A Statistics Canada (StatsCan) report released last week showed GDP growth returned in December. It also upgraded third quarter expansion to a strong 4.2%.
That puts the Canadian economy on a stronger footing and, if carried forward, would result in a $4-to $5 billion government revenue increase by 2015, said TD Bank economist Derek Burleton.
The 13 economists did not give Flaherty a new growth projection for this year, but several who spoke to reporters after the meeting said it would likely be slightly higher than the 2.1% consensus used for November’s fall update report. Flaherty will get the new consensus next week after the forecasters have had time to plug in the new GDP data.

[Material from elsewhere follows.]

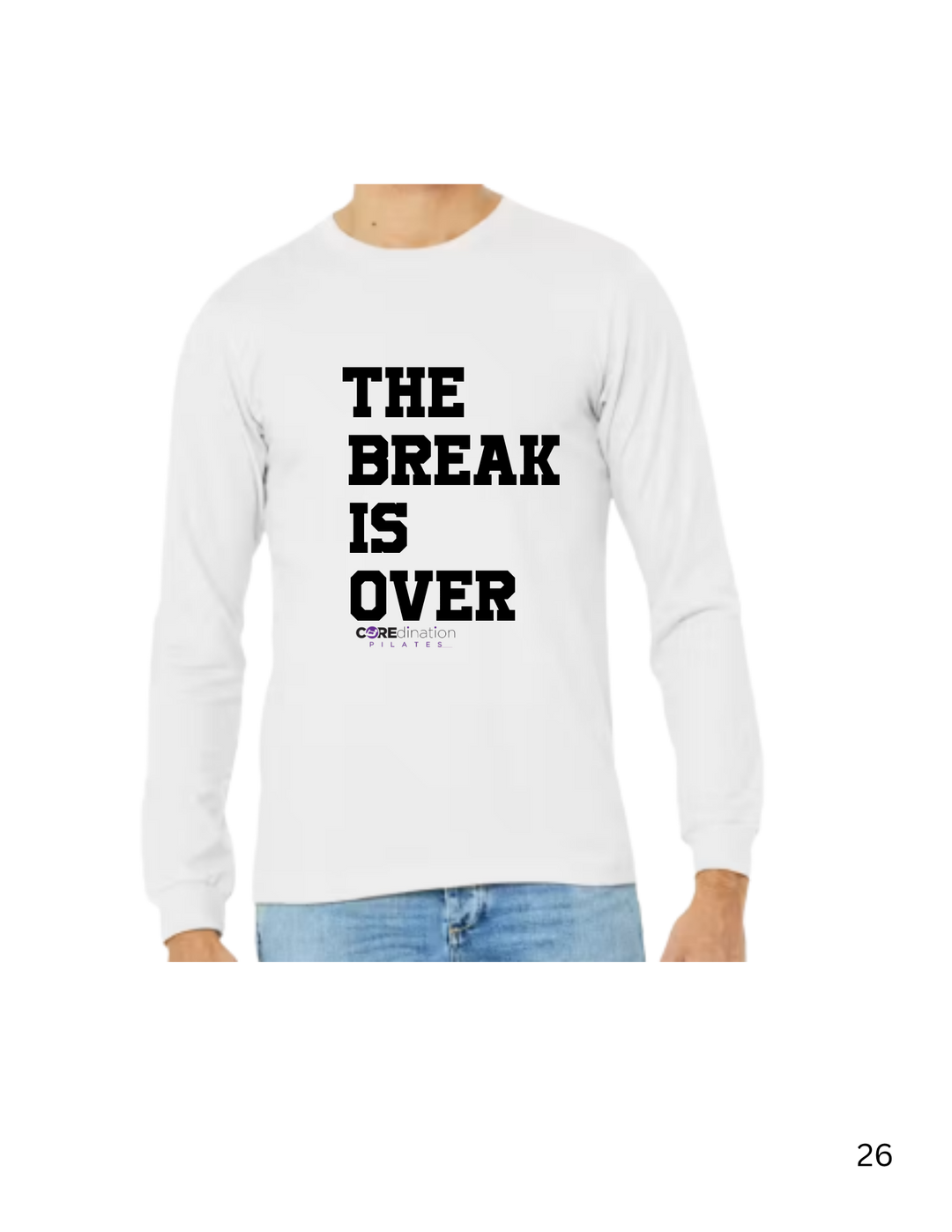 The Break is Over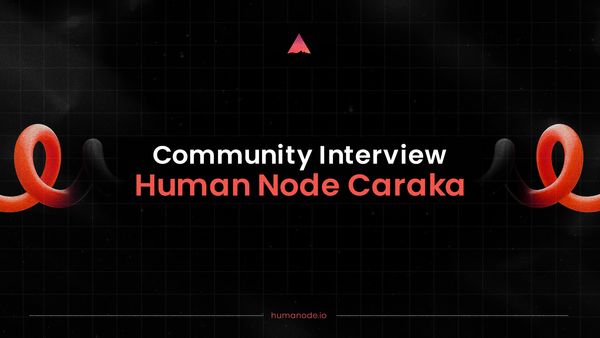 Humanode Community Interview #2: Caraka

“We’re going to follow up with the economists because the numbers last Friday were relatively encouraging,” said Flaherty. “We try to be as ‘au courant’ as possible when we do the budget in terms of the prognostications.”
In a new report Monday, the Conference Board’s help-wanted index showed a modest pick-up from previous months, suggesting Friday’s jobs report will show an 11,500 employment gain for the month of February.
That’s better than January’s 2,300 increase but below levels that would be regarded as healthy.
“This increase would continue the slow pace in employment growth recorded over the past six months as Canadian employers adopt a more prudent hiring pace in the face of global financial and economic uncertainties,” the board said in its report.
The prime minister and federal ministers have been warning for months the upcoming budget will take steps to tackle the deficit, both short-term and long-term. In the short-term, the government has announced plans to cut spending by between $4 billion and $8 billion, while long-term, it has said it will strive to restrain growth in elderly benefits such as the Old Age Security program.
Bank of Montreal economist Douglas Porter has cautioned Ottawa about overdoing austerity given the fragile nature of the economy, but on Monday Porter said a $4 billion trim in spending would not have a serious impact.
In response to a question, Flaherty continued to describe his measures as moderate.
“We don’t need to be draconian…we are not in the situation of Greece or Portugal,” he said.
He did not have the same advice for provinces, singling out Ontario —where he was once finance minister —as a government that has overspent and is now faced with a “fundamental budgeting problem.”
A recent report from economist Don Drummond has advised the Liberal McGuinty government to adopt a host of initiatives to reduce spending.
Asked about Ontario’s suggestion that it may seek to scrap tax writeoffs for firms that buy hockey tickets to entertain clients, Flaherty essentially told the province to get serious about its problems.
“I’m not into scapegoats,” he said. “Ontario has fundamental budgeting problems. They have major spending problems built up over the last few years.”